Komputer nie musi wprowadzać motoru w tryb, gdzie wypalanie wspomaga zwiększonymi dawkami paliwa i sztucznie podnoszoną temperaturą spalin. Wystarczy 2500 obr./min, by rdzeń filtra rozgrzał się do około 600-650 stopni Celsjusza. W wielu dieslach koncernu PSA (1.6 HDI) stosowano płyn wspomagający wypalanie sadzy. To generowało dodatkowe koszty serwisowe (600 zł co 60 tysięcy km), a także wymuszało na użytkowniku częstsze wizyty w warsztacie. W przypadku motorów benzynowych nie mamy tego problemu.

W jednostkach benzynowych proces przebiega o wiele szybciej i nie wymaga wsparcia z zewnątrz. Wystarczy odpowiednie oprogramowanie, by cykl samoistnie był inicjowany. Dzięki wysokiej temperaturze spalin, wypalanie może nastąpić także w mieście. W warunkach aglomeracyjnych korków zazwyczaj następuje co 2-3 tysiące kilometrów. Podczas eksploatacji w trasie odstęp

między uruchomieniem procedury wydłuży się nawet do 15-20 tysięcy km. Kilka razy rzadziej względem wysokoprężnych motorów.

Filtr cząstek stałych GPF - koszty

Póki co, rozwiązanie jest stosunkowo świeże. Volkswagen dopiero od dwóch lat montuje filtr cząstek stałych między innymi w 1.0 i 1.5 TSI. W Renault, Dacii i Nissanie znajdziemy to urządzenie w doładowanym 1.3. PSA wprowadziło filtr w 1.2 PureTech. Z każdym miesiącem i modernizacją techniczną jednostek napędowych staje się coraz powszechniejszy. Niemniej, z uwagi na bardziej sprzyjające warunki pracy, nie ma jak na razie sygnałów dotyczących przedwczesnych awarii. To wynika też z doświadczenia w budowie DPF-a montowanego w dieslach. Auta z przebiegami rzędu 150-200 tysięcy kilometrów nie wykazują oznak nadmiernego zużycia.
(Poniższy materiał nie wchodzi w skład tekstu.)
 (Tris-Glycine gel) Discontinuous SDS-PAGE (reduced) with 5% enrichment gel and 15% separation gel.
W razie nadmiernego zapełnienia filtra popiołami, trzeba się przygotować na wizytę w serwisie. Niemożność uruchomienia procedury wypalenia podczas jazdy będzie skutkować regeneracją warsztatową kosztującą około 500-600 złotych. Jeśli to nie pomoże, konieczna okaże się wymiana GPF-a. Nowy element kosztuje 3-4 tysiące złotych, w zależności od modelu. Może się jednak wydarzyć, że do awarii nie dojdzie przez cały cykl życia silnika. Najbliższe kilkanaście miesięcy powinno dać odpowiedzi na wiele pytań.

Warto też pamiętać, by ściśle przestrzegać zaleceń dotyczących interwału wymiany oleju, a także jakości samego środka smarnego. Wielu producentów sugeruje stosowanie lubrykatu o dość niskiej lepkości. 0W20 lub 0W30 są trochę droższe od w pełni syntetycznych produktów polecanych do mniej skomplikowanych jednostek napędowych.
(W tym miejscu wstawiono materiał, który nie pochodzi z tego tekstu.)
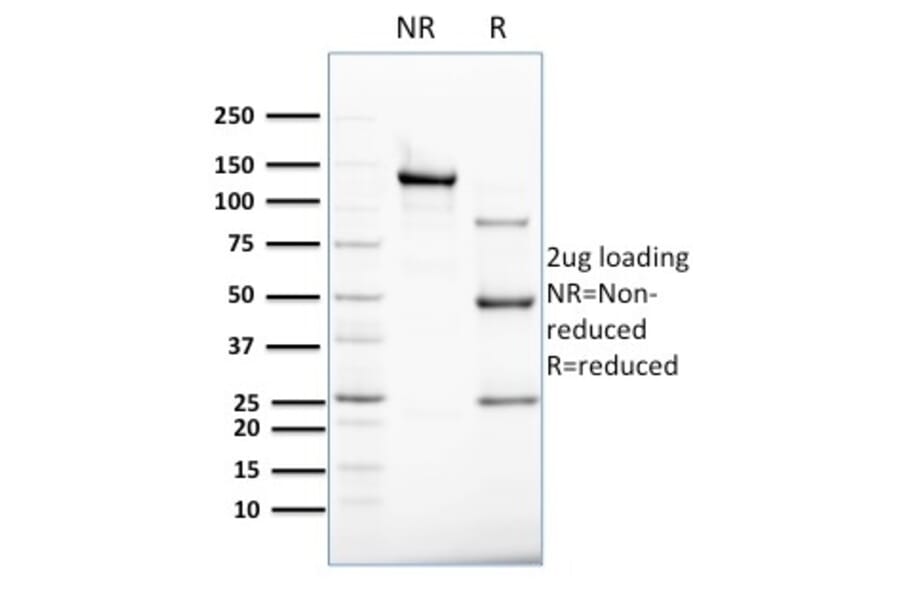 SDS-PAGE - Anti-Cytokeratin 8 Antibody [B22.1] (A249144) - Antibodies.com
Nie trzeba się bać silników z GPF-em

To normalna kolej rzeczy, że producenci dostosowują się do restrykcyjnych norm ekologicznych. Od tego nie ma ucieczki, więc należy się z tym faktem pogodzić. W jaki sposób? Przestrzegając zaleceń eksploatacyjnych producenta i stosując wysokiej jakości środek smarny. Właściwa opieka serwisowa pomoże uniknąć kosztownych niespodzianek, choć takich na razie z GPF-em nie zanotowaliśmy.